**Work required**:
Each record must be repeated exactly. None may be dropped.

Recorded data
-=-=-=-=-

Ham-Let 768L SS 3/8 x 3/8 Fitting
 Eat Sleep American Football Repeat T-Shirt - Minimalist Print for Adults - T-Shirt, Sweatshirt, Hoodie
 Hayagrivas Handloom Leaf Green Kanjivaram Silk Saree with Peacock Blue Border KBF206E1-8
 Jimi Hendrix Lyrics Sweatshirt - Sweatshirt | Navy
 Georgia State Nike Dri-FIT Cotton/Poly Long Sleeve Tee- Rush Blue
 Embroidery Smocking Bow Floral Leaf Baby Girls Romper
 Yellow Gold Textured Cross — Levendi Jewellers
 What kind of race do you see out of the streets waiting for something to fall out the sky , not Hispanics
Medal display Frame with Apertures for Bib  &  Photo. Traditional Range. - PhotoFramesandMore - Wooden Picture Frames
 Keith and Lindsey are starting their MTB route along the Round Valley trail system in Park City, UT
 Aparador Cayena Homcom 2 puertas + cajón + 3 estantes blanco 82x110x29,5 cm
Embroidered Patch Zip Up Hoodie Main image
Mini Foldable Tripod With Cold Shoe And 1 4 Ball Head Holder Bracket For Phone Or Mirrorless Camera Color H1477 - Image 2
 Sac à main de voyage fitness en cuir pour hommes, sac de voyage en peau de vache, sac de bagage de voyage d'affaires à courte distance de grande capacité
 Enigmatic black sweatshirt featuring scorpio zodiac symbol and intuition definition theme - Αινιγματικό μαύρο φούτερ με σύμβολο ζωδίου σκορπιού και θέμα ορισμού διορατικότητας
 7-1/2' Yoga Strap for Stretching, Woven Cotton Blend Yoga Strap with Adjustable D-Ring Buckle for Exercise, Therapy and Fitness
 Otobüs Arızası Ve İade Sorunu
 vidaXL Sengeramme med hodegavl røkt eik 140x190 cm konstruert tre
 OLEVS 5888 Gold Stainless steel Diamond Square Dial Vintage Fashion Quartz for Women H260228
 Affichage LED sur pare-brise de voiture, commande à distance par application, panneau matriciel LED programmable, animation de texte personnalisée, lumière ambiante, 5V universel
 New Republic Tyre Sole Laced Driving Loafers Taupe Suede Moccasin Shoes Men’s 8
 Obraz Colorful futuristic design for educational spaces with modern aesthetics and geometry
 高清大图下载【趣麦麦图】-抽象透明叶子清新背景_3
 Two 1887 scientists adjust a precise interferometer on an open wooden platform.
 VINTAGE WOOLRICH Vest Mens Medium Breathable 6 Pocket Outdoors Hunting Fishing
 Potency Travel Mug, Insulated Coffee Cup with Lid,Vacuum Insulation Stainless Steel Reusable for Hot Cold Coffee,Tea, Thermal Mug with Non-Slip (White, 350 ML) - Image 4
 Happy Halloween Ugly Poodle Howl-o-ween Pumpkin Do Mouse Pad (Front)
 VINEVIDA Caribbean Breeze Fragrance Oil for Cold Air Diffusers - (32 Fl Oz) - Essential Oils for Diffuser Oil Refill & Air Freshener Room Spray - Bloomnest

-=-=-=-=-

**Your response**:
Ham-Let 768L SS 3/8 x 3/8 Fitting
 Eat Sleep American Football Repeat T-Shirt - Minimalist Print for Adults - T-Shirt, Sweatshirt, Hoodie
 Hayagrivas Handloom Leaf Green Kanjivaram Silk Saree with Peacock Blue Border KBF206E1-8
 Jimi Hendrix Lyrics Sweatshirt - Sweatshirt | Navy
 Georgia State Nike Dri-FIT Cotton/Poly Long Sleeve Tee- Rush Blue
 Embroidery Smocking Bow Floral Leaf Baby Girls Romper
 Yellow Gold Textured Cross — Levendi Jewellers
 What kind of race do you see out of the streets waiting for something to fall out the sky , not Hispanics
Medal display Frame with Apertures for Bib  &  Photo. Traditional Range. - PhotoFramesandMore - Wooden Picture Frames
 Keith and Lindsey are starting their MTB route along the Round Valley trail system in Park City, UT
 Aparador Cayena Homcom 2 puertas + cajón + 3 estantes blanco 82x110x29,5 cm
Embroidered Patch Zip Up Hoodie Main image
Mini Foldable Tripod With Cold Shoe And 1 4 Ball Head Holder Bracket For Phone Or Mirrorless Camera Color H1477 - Image 2
 Sac à main de voyage fitness en cuir pour hommes, sac de voyage en peau de vache, sac de bagage de voyage d'affaires à courte distance de grande capacité
 Enigmatic black sweatshirt featuring scorpio zodiac symbol and intuition definition theme - Αινιγματικό μαύρο φούτερ με σύμβολο ζωδίου σκορπιού και θέμα ορισμού διορατικότητας
 7-1/2' Yoga Strap for Stretching, Woven Cotton Blend Yoga Strap with Adjustable D-Ring Buckle for Exercise, Therapy and Fitness
 Otobüs Arızası Ve İade Sorunu
 vidaXL Sengeramme med hodegavl røkt eik 140x190 cm konstruert tre
 OLEVS 5888 Gold Stainless steel Diamond Square Dial Vintage Fashion Quartz for Women H260228
 Affichage LED sur pare-brise de voiture, commande à distance par application, panneau matriciel LED programmable, animation de texte personnalisée, lumière ambiante, 5V universel
 New Republic Tyre Sole Laced Driving Loafers Taupe Suede Moccasin Shoes Men’s 8
 Obraz Colorful futuristic design for educational spaces with modern aesthetics and geometry
 高清大图下载【趣麦麦图】-抽象透明叶子清新背景_3
 Two 1887 scientists adjust a precise interferometer on an open wooden platform.
 VINTAGE WOOLRICH Vest Mens Medium Breathable 6 Pocket Outdoors Hunting Fishing
 Potency Travel Mug, Insulated Coffee Cup with Lid,Vacuum Insulation Stainless Steel Reusable for Hot Cold Coffee,Tea, Thermal Mug with Non-Slip (White, 350 ML) - Image 4
 Happy Halloween Ugly Poodle Howl-o-ween Pumpkin Do Mouse Pad (Front)
 VINEVIDA Caribbean Breeze Fragrance Oil for Cold Air Diffusers - (32 Fl Oz) - Essential Oils for Diffuser Oil Refill & Air Freshener Room Spray - Bloomnest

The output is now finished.